**LISTED RECORDS**.

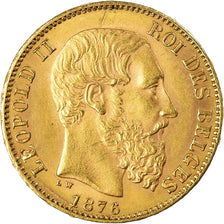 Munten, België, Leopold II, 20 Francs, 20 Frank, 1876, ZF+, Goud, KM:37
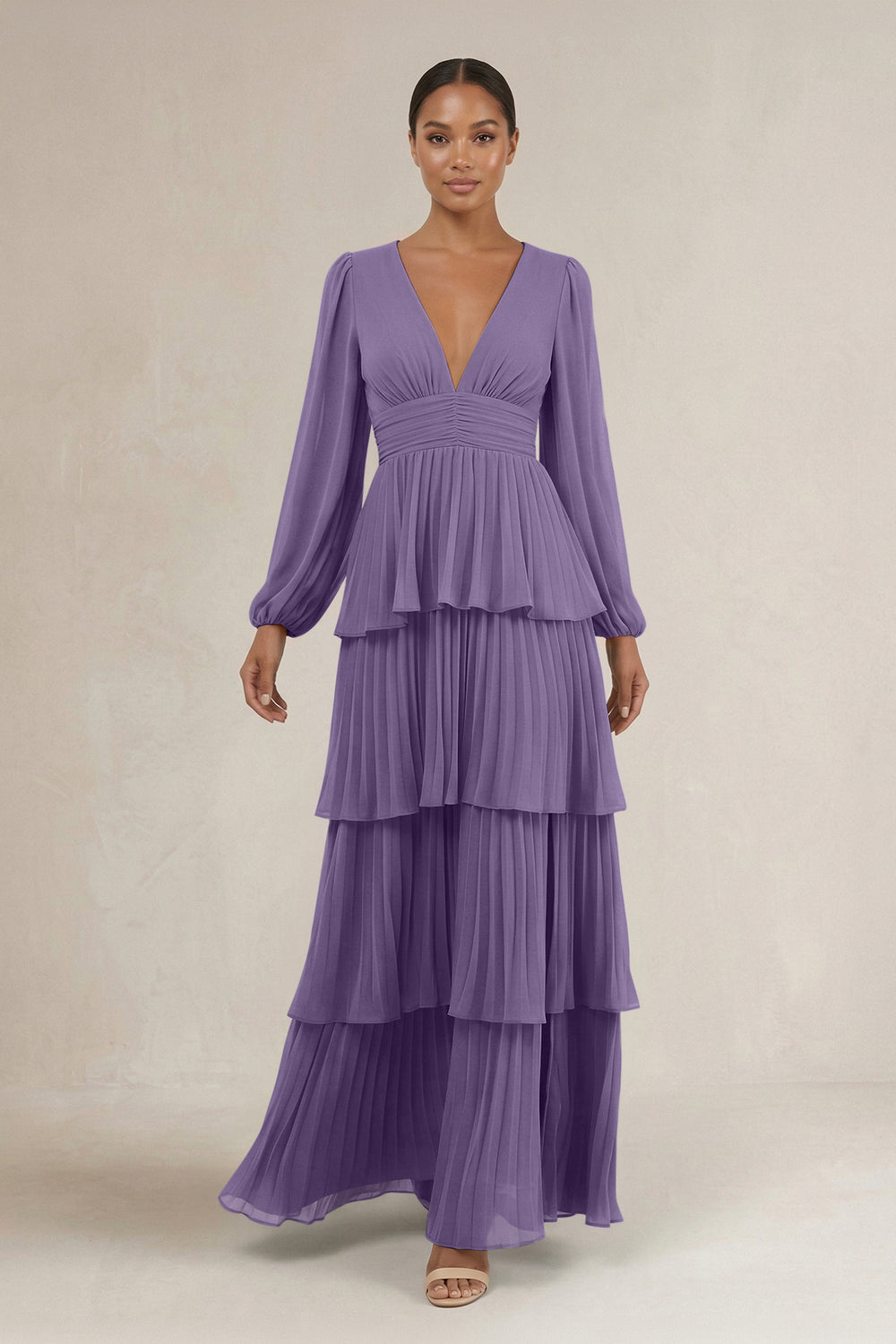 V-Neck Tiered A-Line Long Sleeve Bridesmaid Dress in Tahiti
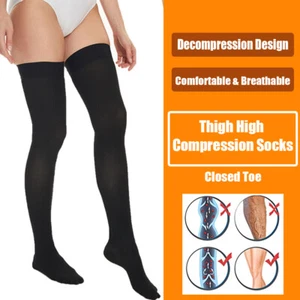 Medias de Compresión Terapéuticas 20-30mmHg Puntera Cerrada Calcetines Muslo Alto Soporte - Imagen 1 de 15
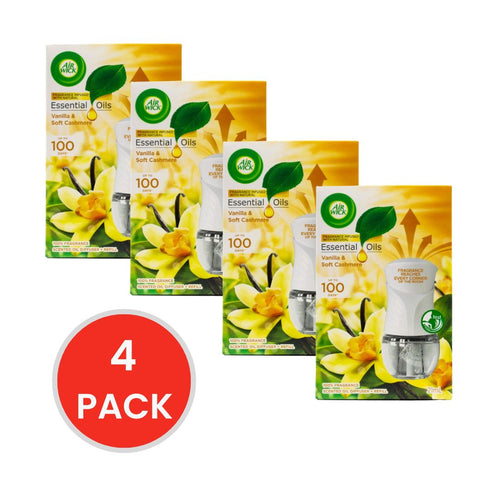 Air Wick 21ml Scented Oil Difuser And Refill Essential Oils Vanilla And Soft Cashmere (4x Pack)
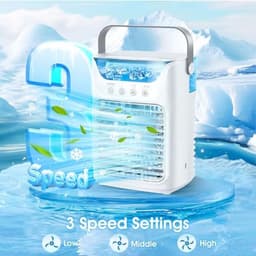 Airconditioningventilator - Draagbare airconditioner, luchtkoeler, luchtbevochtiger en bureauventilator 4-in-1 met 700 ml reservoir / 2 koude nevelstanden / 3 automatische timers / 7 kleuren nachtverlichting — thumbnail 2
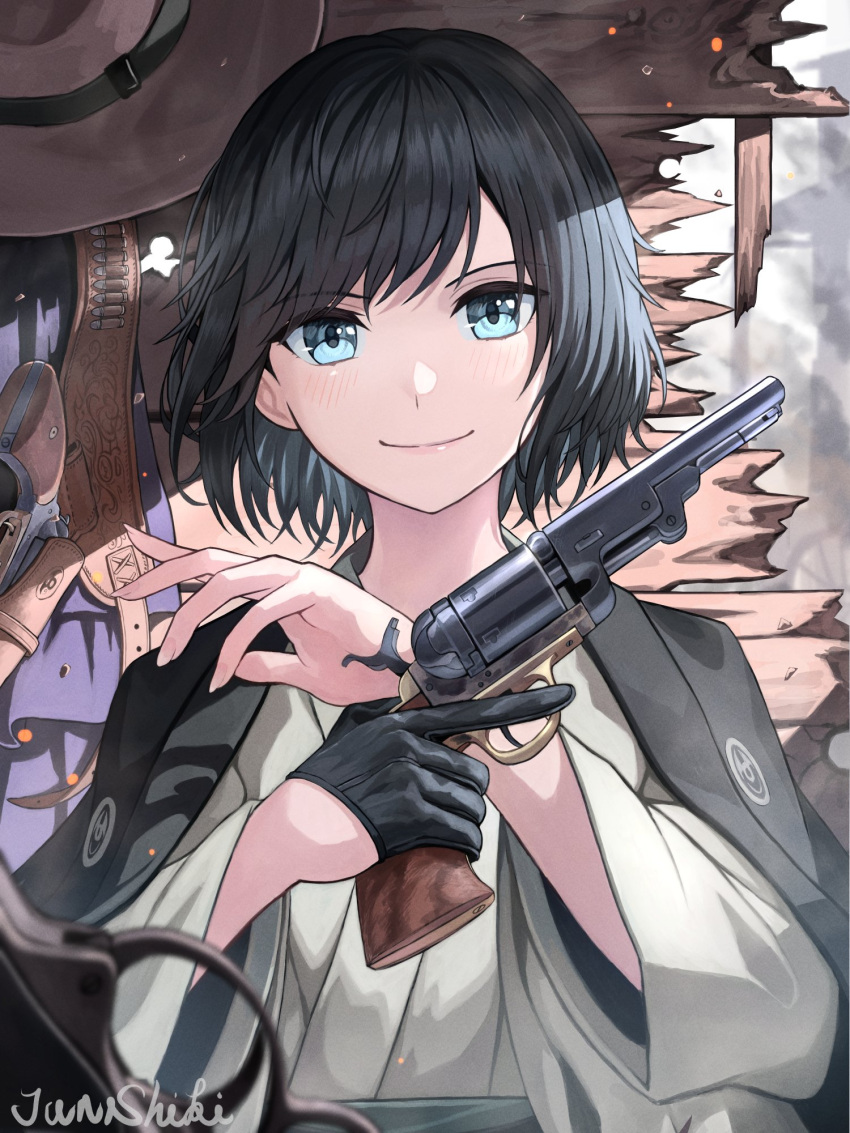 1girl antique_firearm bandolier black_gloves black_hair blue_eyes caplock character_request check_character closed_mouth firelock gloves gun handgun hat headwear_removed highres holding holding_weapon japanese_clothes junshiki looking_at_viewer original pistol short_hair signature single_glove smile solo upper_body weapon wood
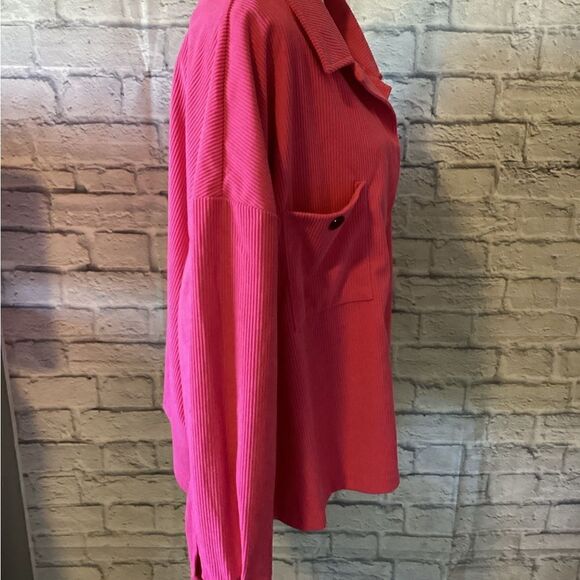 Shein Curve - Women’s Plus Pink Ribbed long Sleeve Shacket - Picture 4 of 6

**PROBLEM STATEMENT**. Restate, word for word and without pictures, the lines from the line containing "Medias de Compresión" to the last line of the records above.

**OUTPUT**.
 Medias de Compresión Terapéuticas 20-30mmHg Puntera Cerrada Calcetines Muslo Alto Soporte - Imagen 1 de 15
 Air Wick 21ml Scented Oil Difuser And Refill Essential Oils Vanilla And Soft Cashmere (4x Pack)
 Airconditioningventilator - Draagbare airconditioner, luchtkoeler, luchtbevochtiger en bureauventilator 4-in-1 met 700 ml reservoir / 2 koude nevelstanden / 3 automatische timers / 7 kleuren nachtverlichting — thumbnail 2
 1girl antique_firearm bandolier black_gloves black_hair blue_eyes caplock character_request check_character closed_mouth firelock gloves gun handgun hat headwear_removed highres holding holding_weapon japanese_clothes junshiki looking_at_viewer original pistol short_hair signature single_glove smile solo upper_body weapon wood
 Shein Curve - Women’s Plus Pink Ribbed long Sleeve Shacket - Picture 4 of 6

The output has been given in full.